Despite the great numbers of metals and alloys known to humans, remarkably few possess the minimum properties for use as implant materials. The relatively corrosive environment combined with the poor tolerance of the body to even minute concentrations of most metallic corrosion products eliminates most metallic materials from discussion. The main considerations in selecting metals and alloys for biomedical applications are biocompatibility, appropriate mechanical properties, corrosion resistance, and reasonable cost.



Gold

Gold is chemically inert and evokes minimal tissue reaction. It has poor mechanical properties in its purest form and usually functions best as an alloy when some structural integrity is needed, such as in dental implants. However, when used as a weight in upper eyelid reanimation procedures, the 24-carat, highly polished weight provides less reactivity, greater malleability, and greater success than simple tarsorrhaphy. 9 , 10



Platinum

Platinum has long been recognized for excellent biocompatibility and is the preferred implant material for gold-sensitive patients undergoing eyelid-loading surgery for lagophthalmos. 11 Platinum is a lustrous, silvery-white, malleable, and ductile metal. Compared with gold, platinum eyelid implants are denser, allowing for lower profile implants that are less noticeable ( Fig. 4.1 ). 11

Fig. 4.1 Platinum eyelid implant for upper eyelid loading in facial paralysis.


Titanium

The superior strength-to-weight ratio of titanium compared with stainless steel and its outstanding corrosion resistance properties have made it the metal of choice in several implants. Light, strong, and totally biocompatible, titanium is one of few materials that naturally match the requirements for implantation in the human body. Additionally, the capacity for osseointegration makes titanium an attractive choice for bone replacement implants. The lower modulus of titanium alloys compared with steel is a positive factor in reducing bone resorption. Titanium is neither magnetic nor paramagnetic. Patients with these implants may safely undergo magnetic resonance imaging without concern about dislodgment of the graft or interference with the study. The use of customized titanium implants has seen a widespread indication for facial reconstruction following excision of orofacial tumors, in cases of severe maxillofacial trauma, and for congenital facial anomalies. Using rapid prototyping methodologies such as stereoscopic lithography or 3D printing, customized titanium implants pretested for form and fit can be produced using computer-controlled milling before surgical implantation. 12 This cuts out guess-work, minimizes operative time, and improves aesthetic outcomes.
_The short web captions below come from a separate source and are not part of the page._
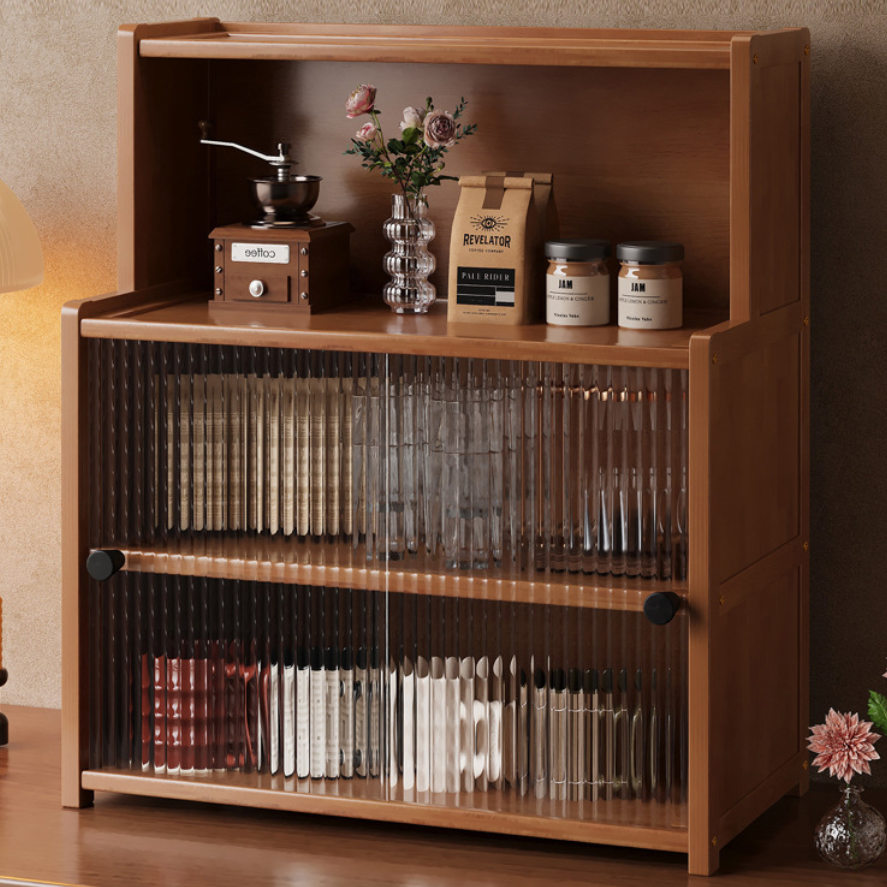 Traditional Vintage Bamboo Acrylic Rectangular Textured Storage Cabinet With 1/2/3 Tier For Living Room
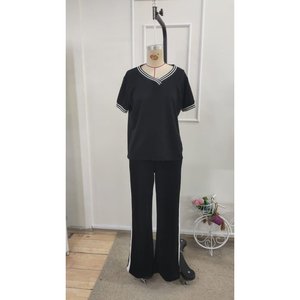 Conjunto de Dos Piezas para Mujer, Blusa de Manga Corta con Cuello en V de Viscosa de Dos Hilos y Pantalones, 35468 - Negro - Product Image 4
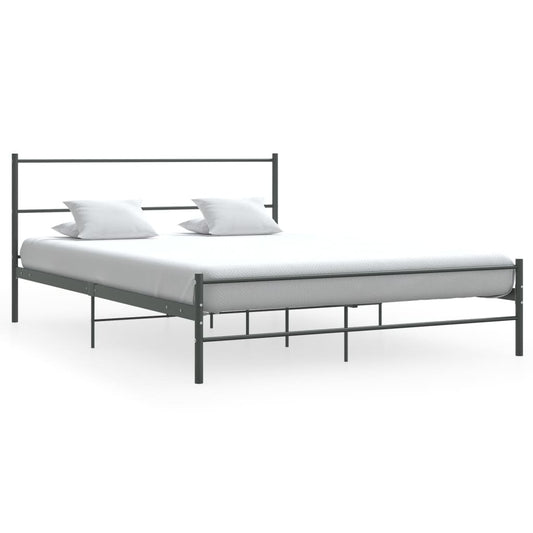 Bed Frame Grey Metal 140x200 cm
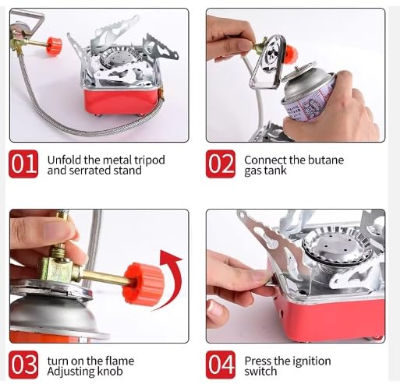Picture of Mini Portable Camping Gas Stove – Foldable and Windproof-Multicolor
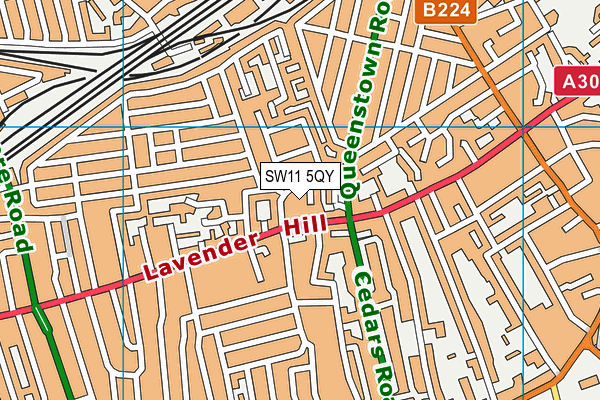 SW11 5QY map - OS VectorMap District (Ordnance Survey)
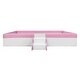 preview thumbnail 33 of 48, Upholstered Floor Bed Fence Bed Slat Platform Bed with Fence and Second Level Ladder, Anti-collision Frame for Kids Toddler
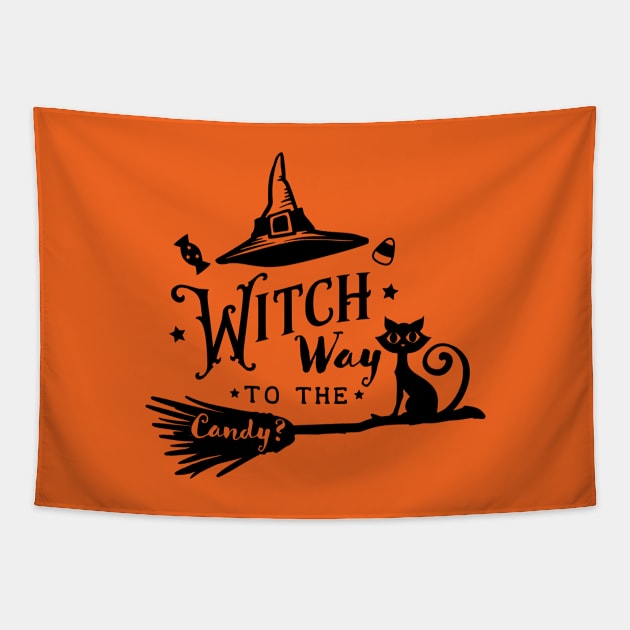 Halloween - Witch Way to the Candy? Tapestry by Design By Leo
In dental restoration surgery, osseointegrated titanium roots have greatly revolutionized dental rehabilitation in post cancer patients. Osseointegrated titanium screws also form the basis of more stable fixation of prosthetic devices used for nasal, auricular, and ocular reconstruction.



Polymers



Silicone

Silicone is a polymer consisting of alternating elements of silicon and oxygen with organic side groups. It is the only form of non–carbon chain polymer in clinical use today. One form of medical grade silicone is composed of dimethylsiloxane monomers, which contain a methyl side group. Linear chains of polymethylsiloxane with lower molecular weight and viscosity form liquid silicone, which is injectable. With an intermediate degree of cross-linking and viscosity, silicone gel is obtained. When the viscosity is extremely high (centistokes = 10,000), a solid state elastomer composed of a highly cross-linked gel filled with silica particles is formed. Silastic (Dow Corning) is an example of a high-viscosity cross-linked methylsiloxane polymer, forged from silica powder to modify its mechanical properties.
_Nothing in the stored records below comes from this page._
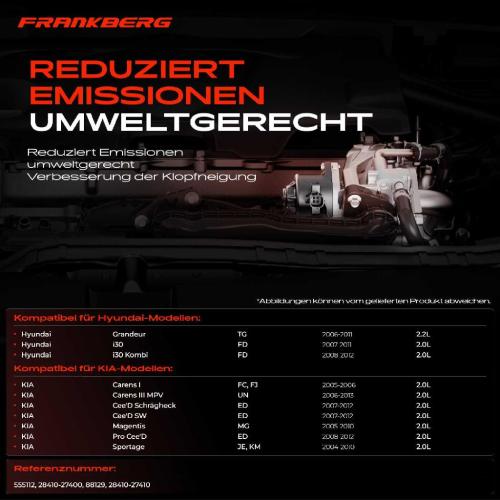 Frankberg 1x AGR-Ventil Abgasrückführungsventil für Hyundai Grandeur i30 Kombi Santa Fé II Sonata V Tucson KIA Bild Frankberg 1x AGR-Ventil Abgasrückführungsventil für Hyundai Grandeur i30 Kombi Santa Fé II Sonata V Tucson KIA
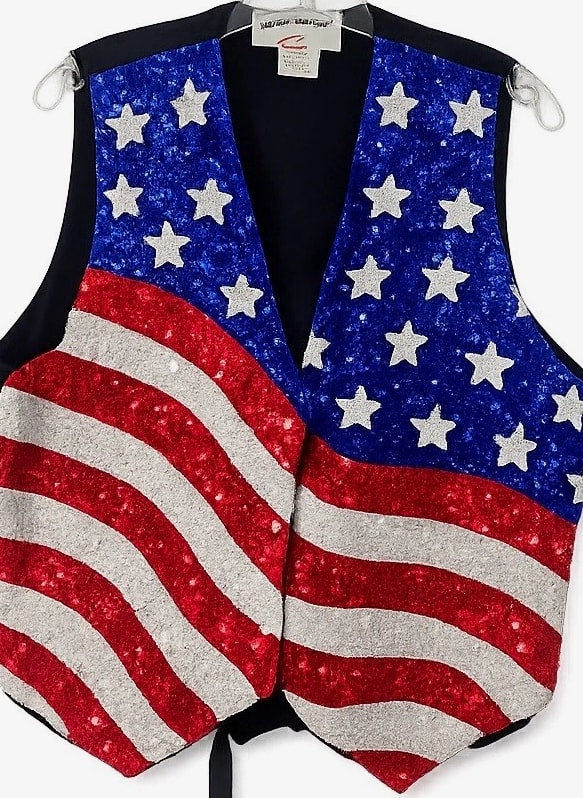 Vintage Sequin American Flag Vest Unisex One Size Patriotic Festival Costume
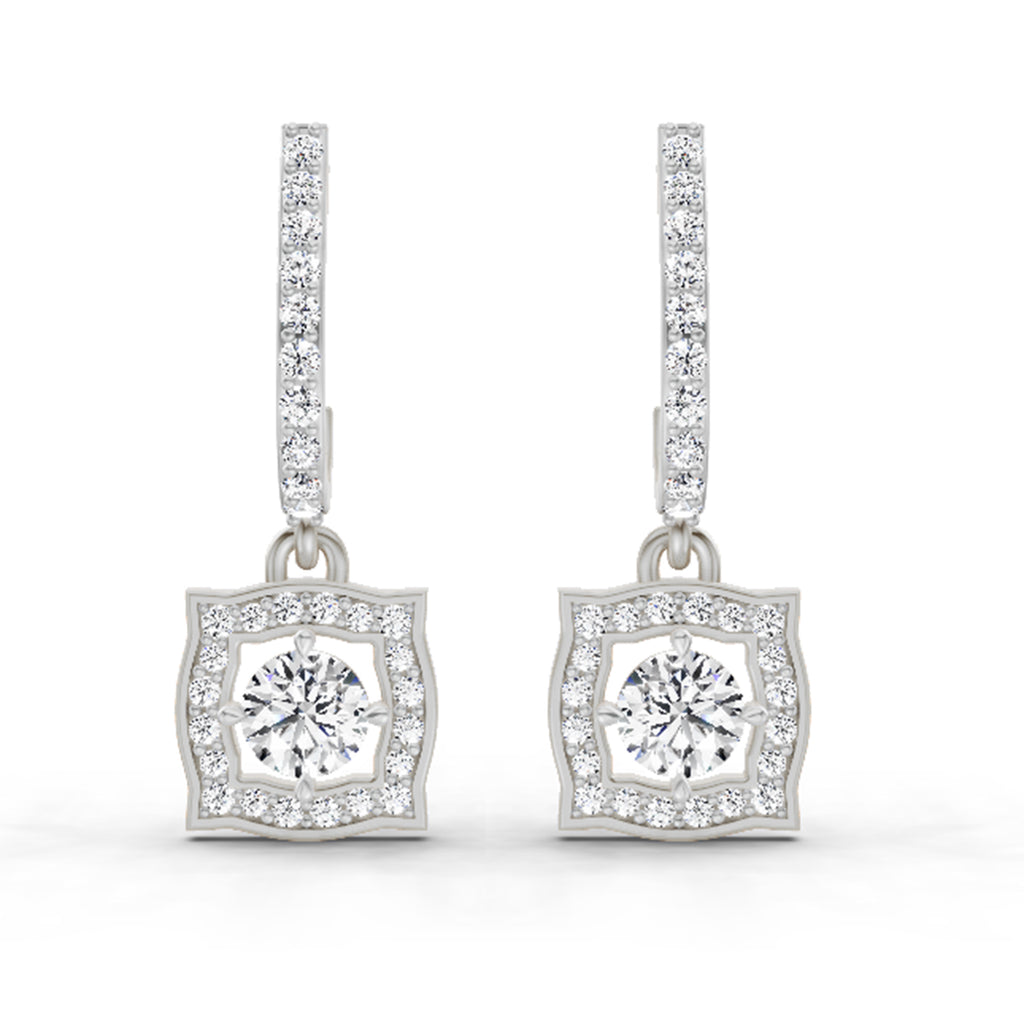0.99 Carat Round Halo Drop Earrings 14K - White Gold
Injectable medical grade silicone was first introduced by Dow Corning in 1960. By 1990, over 100,000 patients had received silicone gel injections in the face. The gel has desirable plasticity and is widely nontoxic and nonimmunogenic. Medical grade liquid silicone has been associated with numerous clinical abuses. Most abuses are related to an excessive number of injections and the use of impure silicone. Adverse reactions presenting as inflammatory nodules, or “siliconoma,” have been reported up to several years following injection. 13 Migration along the reticuloendothelial system into the regional lymph nodes, liver, and spleen has been reported. The origin of these reactions is not well understood—they have been difficult to treat and often result in disfiguring defects. However, when applied in limited quantities (0.1 mL per area) using the microdroplet technique with a 30-gauge needle, the silicone appears to be stabilized by a fibrous capsule. Interval of injection should not be less than 4 weeks. In 1991, the FDA banned the use of injectable silicone in the United States, but it is still used in a limited fashion elsewhere.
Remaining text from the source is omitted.